Armed wing of separatist group in the Canary Islands

The Guanche Armed Forces (Fuerzas Armadas Guanches (FAG)) was the armed wing of the Movement for the Self-Determination and Independence of the Canarian Archipelago, Movimiento por la Autodeterminación e Independencia del Archipiélago Canario (MPAIAC). It was active between 1 November 1976 and late 1978, when the group unilaterally announced a "ceasefire" in what it considered to be "struggle against Spanish colonial occupation" of the Canary Islands.

As the regime of Generalísimo Francisco Franco was collapsing, the Guanche Armed Forces planted dynamite bombs (which they obtained primarily from road construction sites) demanding the independence of the Canary Islands.

Upon reorganisation of the Fuerzas Armadas Guanches, the Destacamentos Armados Canarios emerged.

== Timeline ==

- 1 November 1976 : The group called for armed conflict on a radio broadcast and detonated their first bomb at the Galerias Preciados department store in Las Palmas de Gran Canaria.
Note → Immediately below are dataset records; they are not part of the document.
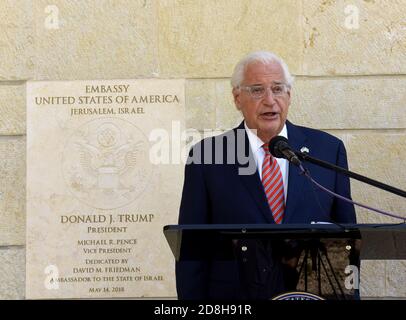 Jérusalem, Israël. 30 octobre 2020. L'ambassadeur des États-Unis en Israël David Friedman s'exprime lors d'une cérémonie à l'ambassade américaine à Jérusalem, le vendredi 30 octobre 2020. Les citoyens américains nés à Jérusalem peuvent maintenant inscrire Israël comme leur lieu de naissance dans les passeports américains. L'administration Trump a récemment activé une loi du Congrès adoptée en 2002. Photo par Debbie Hill/UPI crédit: UPI/Alay Live News Banque D'Images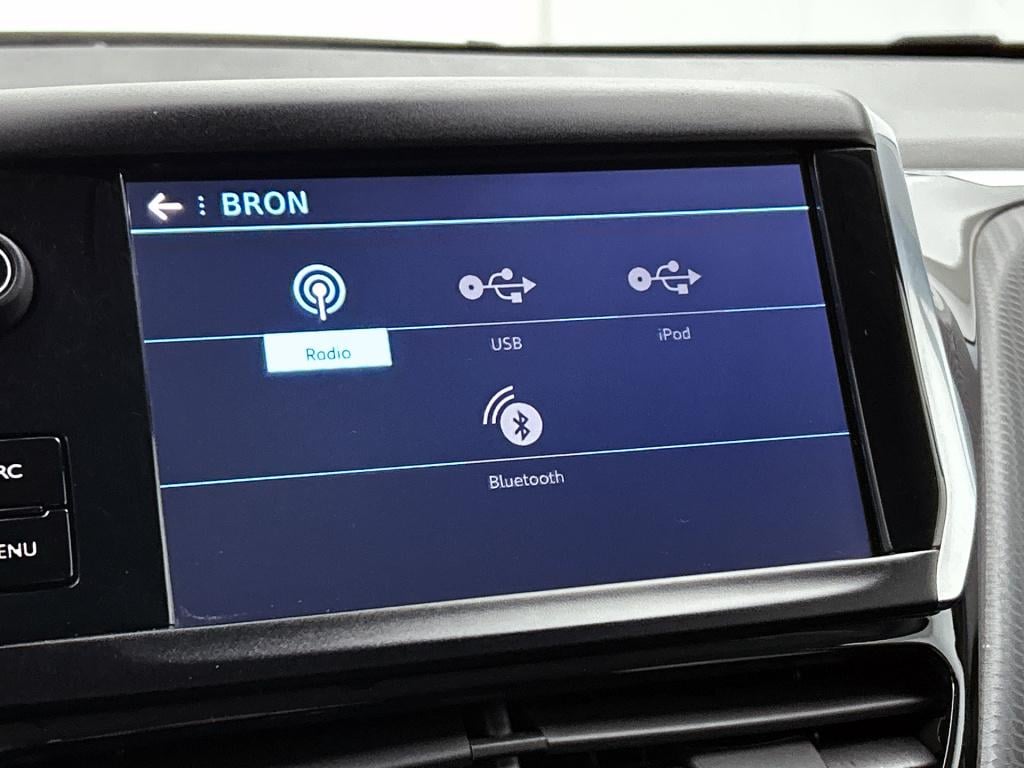 Peugeot 208 110pk tech edition | rijklaar | trekhaak | camera achter | navi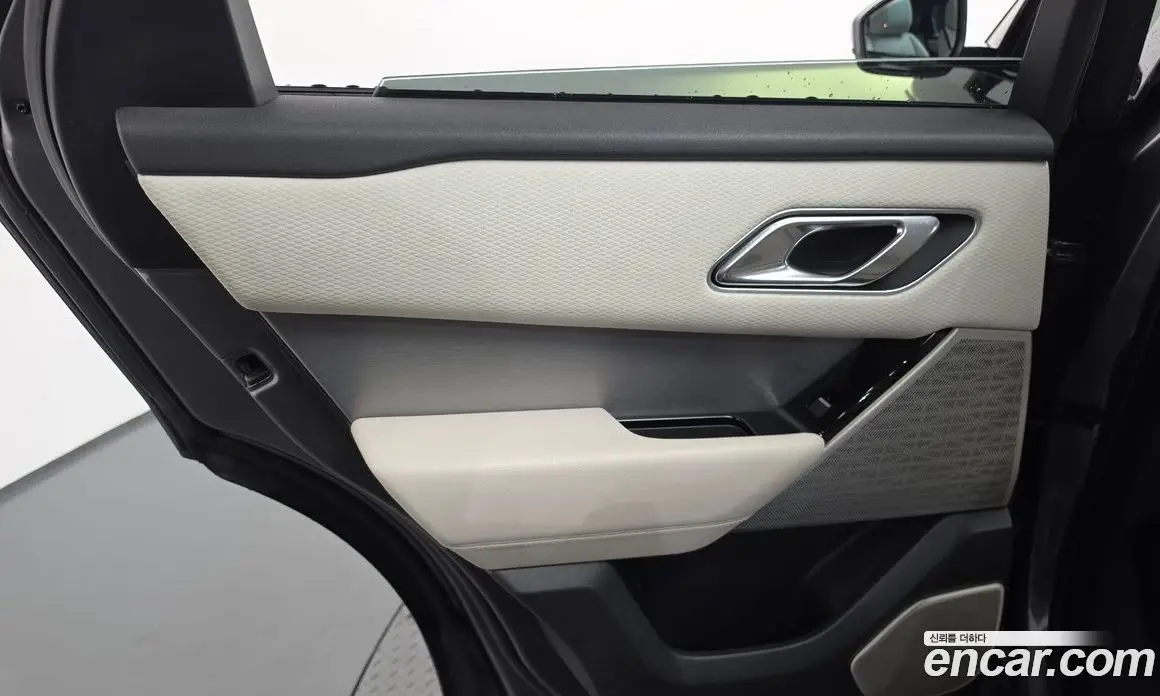 Land Rover Range Rover Velar 2017 2.0 АКПП, фото 15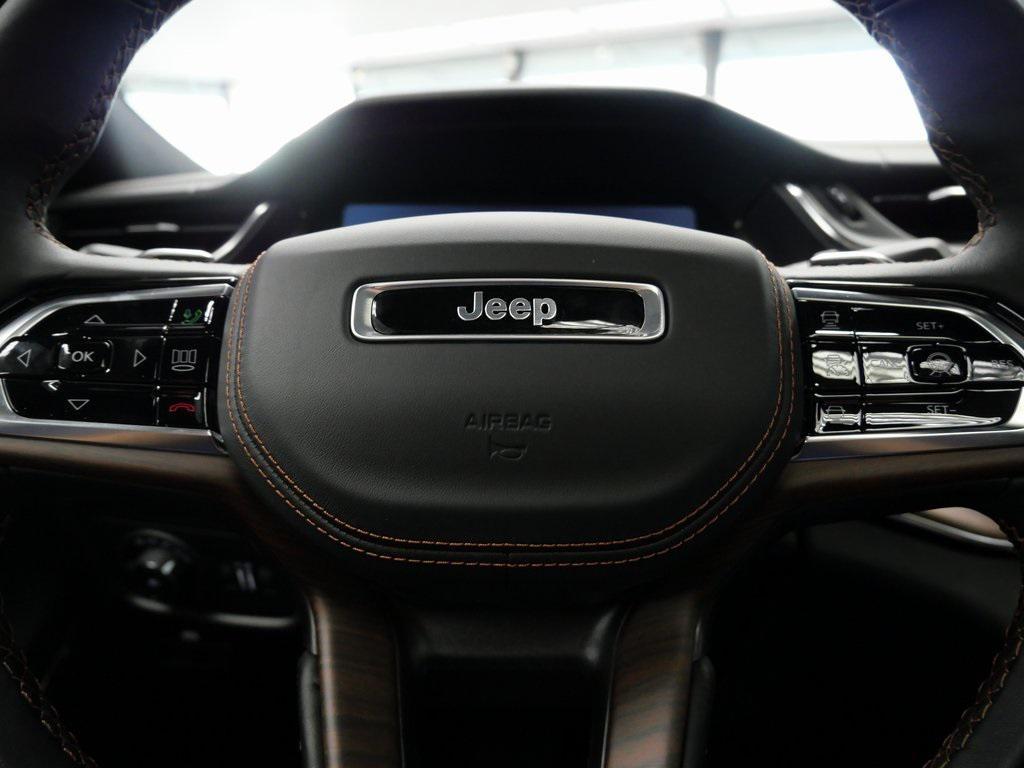 new 2025 Jeep Grand Cherokee car, priced at $60,485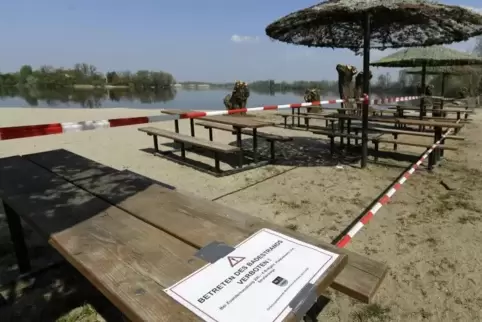 Eindeutiger Hinweis: Der Badestrand am Silbersee ist wegen der Corona-Pandemie bis auf Weiteres gesperrt.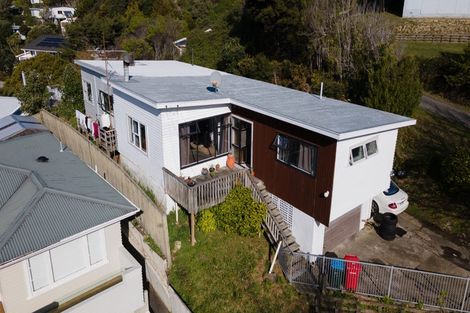 Photo of property in 19 Bayview Road, Paremata, Porirua, 5024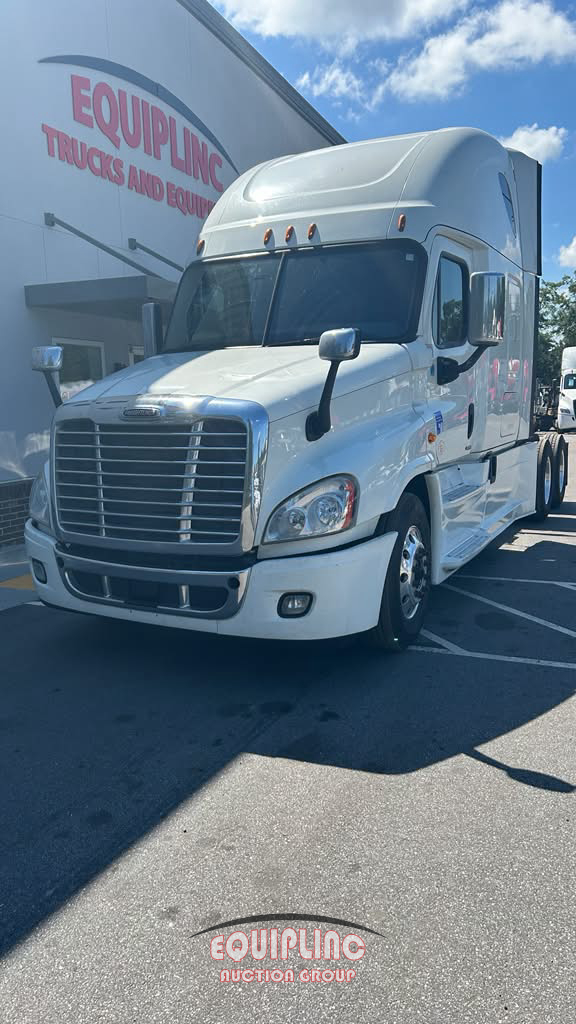 2018 Freightliner CASCADIA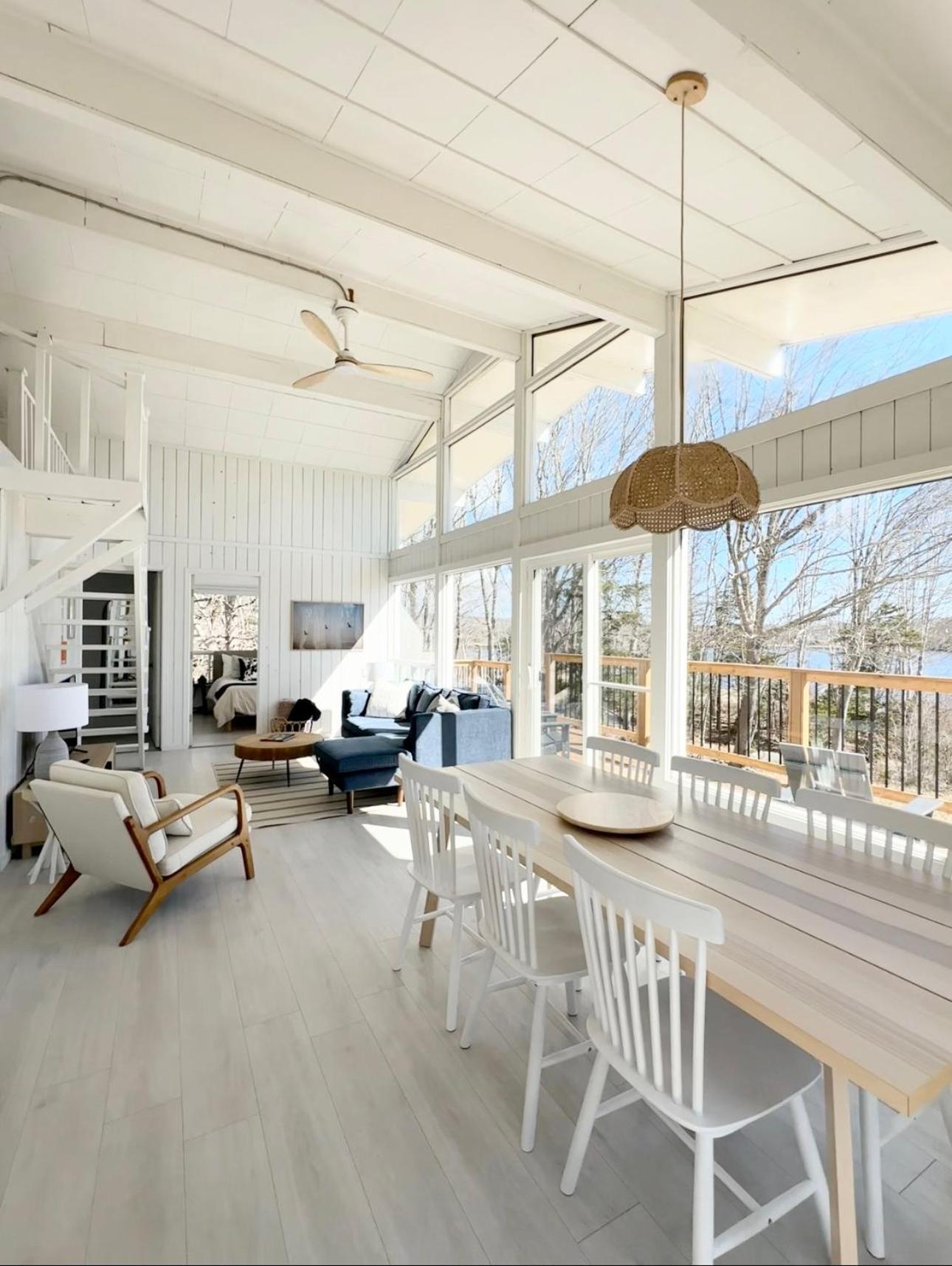 Blissful Oceanfront Cottage In Port Mouton Exterior foto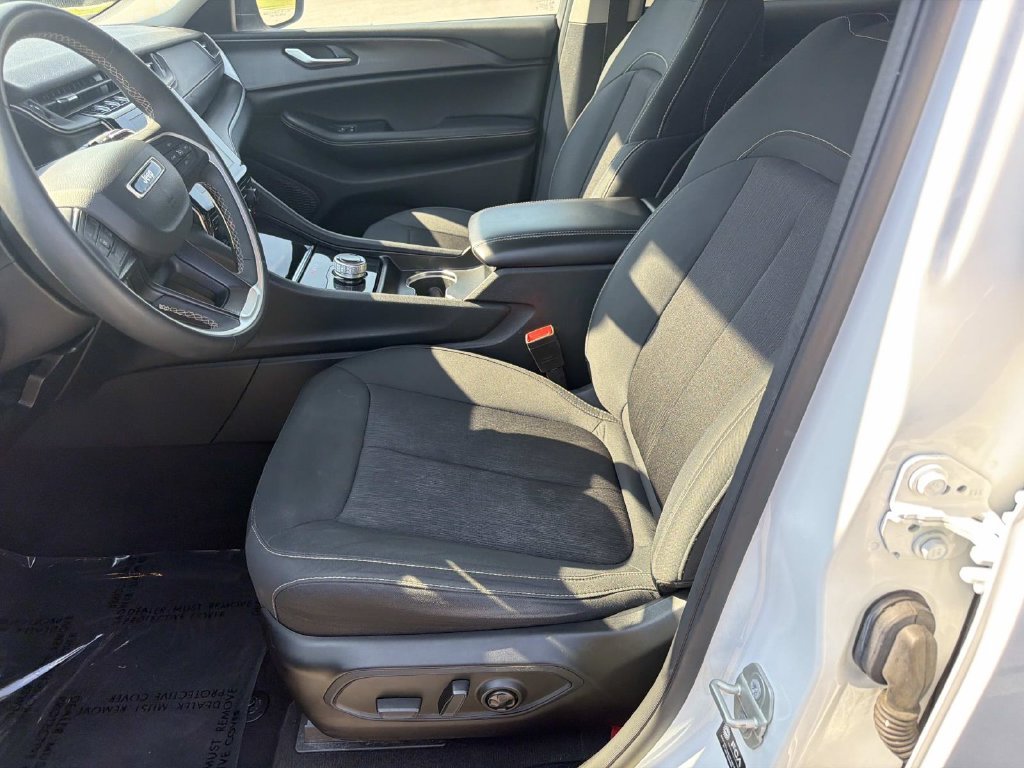 Used 2023 Jeep Grand Cherokee L Laredo RWD image 21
This date is considered the founding date of the Fuerzas Armadas Guanches.
- 27 March 1977: A Fuerzas Armadas Guanches bomb exploded in the flower shop of the passenger terminal of Gran Canaria's airport, resulting in one injury and some damage. Flights were diverted to the Los Rodeos Airport on Tenerife. In the resulting confusion, two diverted Boeing 747s collided in fog on the sole runway, resulting in what is still the deadliest airplane crash in history, with 583 people being killed.
- March 1977: Santiago Marrero Hernandez entered the Spanish Navy barracks at Isleta on Gran Canaria to steal weapons and was killed by guards.
- 13 May 1977: Fuerzas Armadas Guanches committed its first attack on the Spanish mainland itself, with a bomb exploding at the Galerias Preciados department store Madrid.
- 1978: The first death directly caused by the MPAIAC occurred this year: police officer Rafael Valdenebro attempted to defuse a bomb in La Laguna, Tenerife, and later died from wounds inflicted in the explosion.